While waiting for my dive buddy, I flipped through one of those small weekly magazines that come with our newspaper. Inside was an article about a 61-year-old (THIN) woman who has maintained her same weight for the last 44 years. The gist of the article was to inspire other older people (so, are you talking about me?) to stay in shape.
BAAAZZZIIIINGGGGG! Off like a bottle rocket went my Offend Meter. I was so blazing over the slant of this article that I dashed off four –front and back– pages of rebuttal on a legal pad. In fact after two full days, I’m still angry. I’m battling weight/self-image/acceptance/age/hormones (take your pick of which one is most important), and articles like this do NOT inspire me. Duh!
Like the romance novels of old always had the waif-like heroine with a heart-shaped face, and large eyes. (Reminds me of a bug.) The hero always tall, built like Adonis, fabulously wealthy, never had bad breath, swept her off her feet. If you don’t count my size before the age of ten, I haven’t been swept off my feet and carried any distance. Certainly not up any stairs and onto a bed. (My son has picked me up only because I told him he couldn’t.
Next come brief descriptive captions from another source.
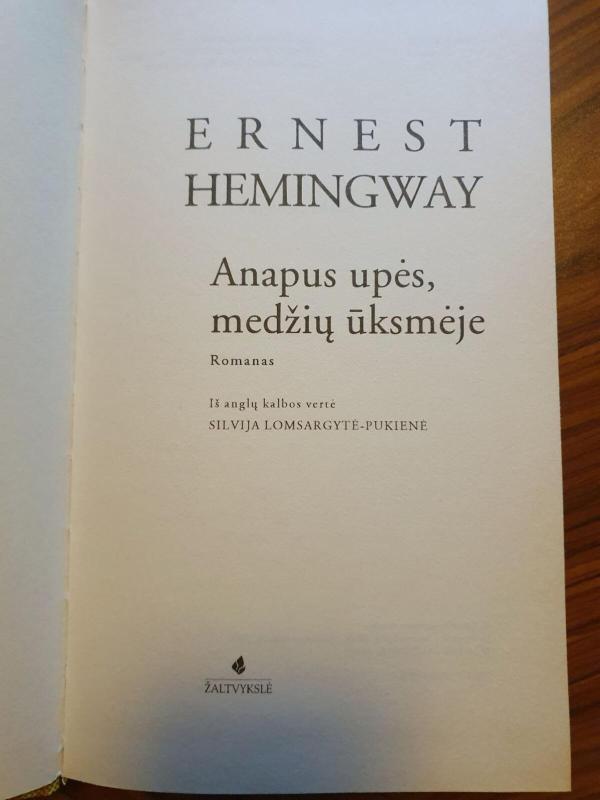 Anapus upės, medžių ūksmėje - Ernest Hemingway, knyga 2
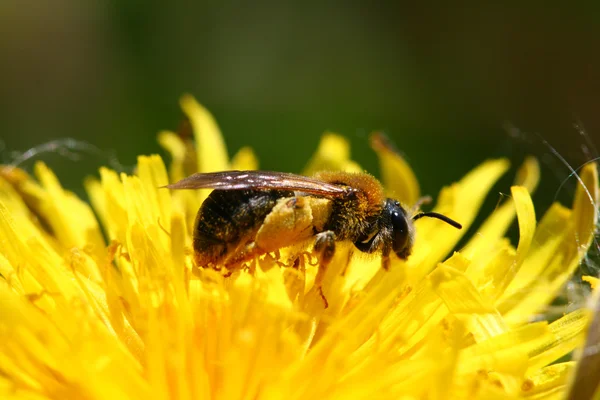 Biene auf Kamille — Stockfoto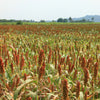 M81E Sorghum Seeds – Light Amber Syrup Bicolor Vegetable Grain – photo 5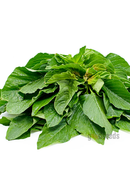 Thotakura (Amaranthus)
My high school sweetie–he was a football player also lifted me off the ground, but he was also a football player. The grunts and groans weren’t inspiring! And it hurt.)
How can I relate to a heroine who doesn’t have meat on her bones? Who has to be rescued by the hero? I can’t. Just like I can’t relate the woman in the article. But then again, maybe I should thank her for getting my writing hackles up.